We learn how to connect and create the patterns we form during our infancy and early childhood years.
These patterns and experiences become embodied in us and become the way we understand how the world and people work. Such early experiences with our primary caregivers teach us what to expect throughout life and how to build our relationships with everyone. The child that has developed a secure attachment pattern (from a close connection to his mother or father) has learned that his emotional needs will be met and then as an adult, he finds it relatively easy to form close friendships and doesn’t worry about rejection or exclusion.
Attachment is the relationship that parents and babies share together. It is when you see a baby look at their parent and they catch each other’s eyes in a wonderful gaze: the parent smiles and the baby smiles and then the parent kisses and the baby coos. Or, when an infant cry to tell their mother they are hungry, and she picks up the baby and provides a warm cozy snuggle and the baby is satiated with a full heart and belly.
This is the dance that creates the framework for the interactions that we have our whole lives and how we understand love. Child psychiatrist Dr Kaylene Henderson explains that when your child has a secure attachment to you, he is able to use you as a secure base from which to venture out, explore the world and his place in it. (A Dose of Awesomeness- Understanding Attachment).
When toddlers first attend playgroups it is important that teachers use a form of “intentional teaching” to ensure that the young children are supported and loved and feel seen and heard during their time at school and that the developing feeling of secure attachment is maintained and never threatened. In this way, the teacher’s interaction with the child must be closely observed – direct responses are incredibly important, so is their body language, choice of words, facial expressions, and actions need to be closely monitored and used appropriately to accurately express what is intended.
The children should feel safe and secure and have no difficulty understanding what is happening and why scenarios play out in the way that they do. The teacher becomes a role model to demonstrate effective behaviours – to support the children in understanding each situation that they find themselves in and teach them how to respond appropriately.

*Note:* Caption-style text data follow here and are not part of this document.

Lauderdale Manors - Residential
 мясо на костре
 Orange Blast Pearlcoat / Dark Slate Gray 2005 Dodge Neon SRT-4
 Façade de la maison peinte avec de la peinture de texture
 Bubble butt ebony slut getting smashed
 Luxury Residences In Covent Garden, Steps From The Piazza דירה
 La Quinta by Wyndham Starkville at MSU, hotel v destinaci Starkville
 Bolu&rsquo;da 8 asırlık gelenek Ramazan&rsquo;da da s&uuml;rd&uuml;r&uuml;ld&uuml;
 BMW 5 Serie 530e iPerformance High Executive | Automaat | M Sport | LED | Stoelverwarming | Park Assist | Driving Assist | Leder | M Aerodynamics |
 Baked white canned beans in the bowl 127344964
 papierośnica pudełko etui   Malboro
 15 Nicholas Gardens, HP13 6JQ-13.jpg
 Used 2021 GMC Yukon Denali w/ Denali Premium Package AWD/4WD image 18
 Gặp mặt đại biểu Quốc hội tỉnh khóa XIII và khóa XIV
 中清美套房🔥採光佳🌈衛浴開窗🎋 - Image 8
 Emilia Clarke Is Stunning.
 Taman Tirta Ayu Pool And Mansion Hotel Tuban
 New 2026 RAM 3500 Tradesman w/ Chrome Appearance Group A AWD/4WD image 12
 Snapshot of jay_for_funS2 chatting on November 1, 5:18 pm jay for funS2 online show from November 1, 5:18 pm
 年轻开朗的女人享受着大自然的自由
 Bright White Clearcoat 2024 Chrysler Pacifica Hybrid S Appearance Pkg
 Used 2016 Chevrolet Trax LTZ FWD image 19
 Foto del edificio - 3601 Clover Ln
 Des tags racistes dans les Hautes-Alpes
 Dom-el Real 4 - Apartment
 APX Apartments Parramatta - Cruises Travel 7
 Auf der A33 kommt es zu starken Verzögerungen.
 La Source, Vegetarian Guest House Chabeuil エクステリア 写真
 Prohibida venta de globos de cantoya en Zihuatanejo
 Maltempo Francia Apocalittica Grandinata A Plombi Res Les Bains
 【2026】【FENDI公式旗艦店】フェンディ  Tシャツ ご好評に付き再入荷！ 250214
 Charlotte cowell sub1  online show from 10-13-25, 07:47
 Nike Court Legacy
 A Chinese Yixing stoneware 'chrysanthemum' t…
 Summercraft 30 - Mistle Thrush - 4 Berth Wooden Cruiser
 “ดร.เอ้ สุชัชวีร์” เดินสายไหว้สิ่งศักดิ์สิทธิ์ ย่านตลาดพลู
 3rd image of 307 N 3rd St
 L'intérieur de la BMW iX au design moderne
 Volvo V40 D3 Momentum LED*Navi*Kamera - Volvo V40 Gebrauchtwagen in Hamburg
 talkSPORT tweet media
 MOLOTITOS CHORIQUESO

As an extension of the home environment, the playgroup supports this developing secure attachment and enables young children to build the vital, strong foundations, enabling them to create positive, adaptive, trusting relationships with people throughout their whole lives.
This is achieved by the teacher adapting some important practices:
- Comforting the child when they are physically hurt, ill, upset, frightened or lonely, and not shaming them for their feelings.
- Responding to and noticing the child at all times.
- Giving the child a sense of trust in the world and the people in it.
- Physically playing and sharing time, making eye contact, touching and sharing emotions.
- Laughing and sharing warm, joyful experiences together.
- Making them feel like they matter, and they are understood.
- Trying to be as predictable and positive as possible when reacting to the child’s behaviour.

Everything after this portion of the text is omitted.